The Spherical part of the title comes from the way the various wavetables are mapped, and how you can navigate through them. On early wavetable synths (eg. PPG’s), the table was simply a list — you could choose start and end points, maybe direction of scan and maybe looping of sections/all of the list. On the SWN, 27 waveforms are mapped on to a sphere in 3 x 3 x 3 planes, all of which wrap around, and the Navigation allows you to move up and down the face of the sphere (Latitude), left and right (Longitude), or forwards and backwards into the Sphere (Depth). Because all these tables wrap around, you never fall off the end of a table, and instead of a linear list where you only have two choices of the next entry, here you have (I think) six. Mathematicians might bicker that this is a three‑torus, not a sphere, but there you go! The result is access to a fantastically flexible and constantly changing waveform, especially given that all the navigation options have CV control, and each transition is a smooth morph. Great stuff.

The module ships with 12 factory‑loaded spheres, but a ‘waveform in’ socket opens the door to loading in your own sounds and making custom Spheres. This can be great fun. Waveforms are loaded in max 2.5s chunks, and the best results come from complex waveforms, say speech or vocals. You can either let the SWN chop up your 2.5s waveform into 27 bits, or input 27 separate bits (but total time is still 2.5s). There are some on‑board effects you can apply to these inputs — bit crushing, wavefolding, LPF, gain normalisation, seam‑smoothing and metaliser — to further add spice. There is also the facility to save both wavetables (108) and entire module setups (again 108) in an on‑board memory (phew!), but I have to say the selection method is rather arcane in its use of the wheel of coloured LEDs surrounding the Browse knob.

Control of the individual voices is achieved rather cleverly; at the top of the module is a row of six LED illuminated push buttons, and various colours indicate different functions. The simplest of which is voice on or off. If you hold a button down and tweak a knob elsewhere on the panel, that change will only apply to that voice. By extension, holding down multiple buttons at once changes only those voices, and canny finger work allows easy offsets to be set up. Conversely, if no buttons are held down the knob twiddling will be global, which is really rather neat.

There is a small ‘fine’ button nestling in the middle of the buttons which, when pressed, applies a scaler to whichever knob is being moved. Again, simple and neat. Without any external pitch/trig CVs, the module has a collection of preset scales and intervals for the six voices accessed through the Octave and Transpose knobs at the top of the panel. Pushing and turning these changes scales of quantisation, and the spread of preset chords. An external 1V/Oct CV at the Transpose CV socket allows external overall pitch control of the unit. On top of this, each voice can be individually controlled externally, allowing the unit to be played polyphonically — time to dig out that six channel sequencer...

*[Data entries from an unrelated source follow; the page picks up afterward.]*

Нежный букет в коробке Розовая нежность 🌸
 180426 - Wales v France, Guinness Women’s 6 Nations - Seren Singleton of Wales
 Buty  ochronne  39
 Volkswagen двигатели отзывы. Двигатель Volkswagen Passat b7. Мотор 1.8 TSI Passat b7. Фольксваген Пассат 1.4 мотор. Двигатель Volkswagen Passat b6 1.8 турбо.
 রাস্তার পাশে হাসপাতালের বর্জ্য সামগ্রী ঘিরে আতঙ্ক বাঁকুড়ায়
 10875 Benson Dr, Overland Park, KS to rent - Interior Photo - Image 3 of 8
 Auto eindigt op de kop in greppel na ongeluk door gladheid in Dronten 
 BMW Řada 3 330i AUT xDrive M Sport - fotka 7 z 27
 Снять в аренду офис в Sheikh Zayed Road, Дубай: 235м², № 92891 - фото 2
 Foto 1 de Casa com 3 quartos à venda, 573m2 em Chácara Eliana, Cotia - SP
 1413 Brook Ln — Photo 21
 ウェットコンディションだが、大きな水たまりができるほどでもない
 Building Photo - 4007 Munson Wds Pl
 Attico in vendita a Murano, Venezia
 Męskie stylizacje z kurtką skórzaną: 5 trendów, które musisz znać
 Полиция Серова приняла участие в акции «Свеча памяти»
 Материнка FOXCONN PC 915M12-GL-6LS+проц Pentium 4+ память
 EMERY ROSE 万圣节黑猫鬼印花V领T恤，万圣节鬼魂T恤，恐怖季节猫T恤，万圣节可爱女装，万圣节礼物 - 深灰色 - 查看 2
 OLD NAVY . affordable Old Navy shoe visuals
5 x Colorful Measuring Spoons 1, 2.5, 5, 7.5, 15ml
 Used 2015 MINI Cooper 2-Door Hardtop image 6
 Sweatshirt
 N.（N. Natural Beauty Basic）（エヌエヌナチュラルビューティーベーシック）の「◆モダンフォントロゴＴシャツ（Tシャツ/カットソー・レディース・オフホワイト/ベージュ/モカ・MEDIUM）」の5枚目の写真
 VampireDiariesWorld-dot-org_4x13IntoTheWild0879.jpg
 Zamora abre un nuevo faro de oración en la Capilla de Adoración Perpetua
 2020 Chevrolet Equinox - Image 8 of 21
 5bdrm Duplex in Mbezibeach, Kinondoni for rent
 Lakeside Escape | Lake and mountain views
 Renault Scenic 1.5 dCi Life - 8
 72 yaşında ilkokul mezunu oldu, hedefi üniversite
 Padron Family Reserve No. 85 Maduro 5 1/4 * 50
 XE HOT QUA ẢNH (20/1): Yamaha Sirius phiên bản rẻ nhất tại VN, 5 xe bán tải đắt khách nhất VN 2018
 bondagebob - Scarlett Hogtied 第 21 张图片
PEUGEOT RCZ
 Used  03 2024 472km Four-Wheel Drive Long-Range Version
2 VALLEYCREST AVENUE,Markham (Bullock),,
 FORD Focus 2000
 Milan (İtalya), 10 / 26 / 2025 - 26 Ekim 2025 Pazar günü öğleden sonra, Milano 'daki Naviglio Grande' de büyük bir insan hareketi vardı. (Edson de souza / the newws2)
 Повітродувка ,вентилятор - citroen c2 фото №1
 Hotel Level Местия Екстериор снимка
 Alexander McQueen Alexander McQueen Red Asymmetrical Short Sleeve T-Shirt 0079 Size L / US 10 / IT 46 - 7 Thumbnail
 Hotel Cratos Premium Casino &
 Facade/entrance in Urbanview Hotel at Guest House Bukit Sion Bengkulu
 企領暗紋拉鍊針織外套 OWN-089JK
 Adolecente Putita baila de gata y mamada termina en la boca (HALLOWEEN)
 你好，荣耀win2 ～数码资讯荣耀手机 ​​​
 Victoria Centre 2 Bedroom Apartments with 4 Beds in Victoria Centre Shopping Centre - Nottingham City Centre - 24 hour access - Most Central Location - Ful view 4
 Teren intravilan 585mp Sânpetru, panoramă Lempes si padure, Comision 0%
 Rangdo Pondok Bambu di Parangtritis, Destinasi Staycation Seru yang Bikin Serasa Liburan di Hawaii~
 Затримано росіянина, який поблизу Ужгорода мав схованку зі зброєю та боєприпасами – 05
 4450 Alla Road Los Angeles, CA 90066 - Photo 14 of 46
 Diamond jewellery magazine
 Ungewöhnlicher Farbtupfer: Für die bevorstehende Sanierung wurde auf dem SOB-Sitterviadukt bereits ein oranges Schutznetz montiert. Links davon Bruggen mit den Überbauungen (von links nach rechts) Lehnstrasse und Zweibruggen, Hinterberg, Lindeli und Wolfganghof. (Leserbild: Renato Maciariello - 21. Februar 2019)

The last piece of the jigsaw are the six LFOs that live across the middle of the panel. Unless you want to externally sync the LFOs using the clock in socket, LFO speed and waveform knobs do the controlling. There is an LED showing each LFO’s state, which helps you see what they are doing. Holding down a channel button and turning LFO speed will cause a divide or multiply to that LFO. Holding down the Fine button as well will give you access to non‑integer divides too. A further global CV can be added as an offset via the LFO CV socket for further chaos! The LFOs by default control the output level of the corresponding voice, via discrete VCAs, but given that the VCAs can be overridden by external CVs, this means the LFO outs are up for grabs, and easy prey for the seven CV inputs in the Sphere Navigator section. Wonderful!

You can use it as a drone box, use it as a six‑voice wavetable synth, or create a bewildering landscape of strange (super‑imposable) wavetables.

This really is just the bare bones of what the SWN is/does. You can use it as a drone box, use it as a six‑voice wavetable synth, or create a bewildering landscape of strange (super‑imposable) wavetables. As I said before, deep. I like the fact that the module has enough scope to offer the curious a very wide playing field. Often you come up with a wish for yet another function, but here it seemed everything I thought of was already there. Maybe because I wasn’t approaching things particularly scientifically, I missed some functions that purist wavetable wranglers might desire/require, but when the module makes such interesting noises in the hands of this old analogue purist, I’m not sure I care! The sheer complexity of the six LFOs would be enough for a wholly satisfactory standalone module, so the fact that it is only a small (but vital) part of the SWN gives you some idea of the level of 4MS’s commitment to sonic exploration.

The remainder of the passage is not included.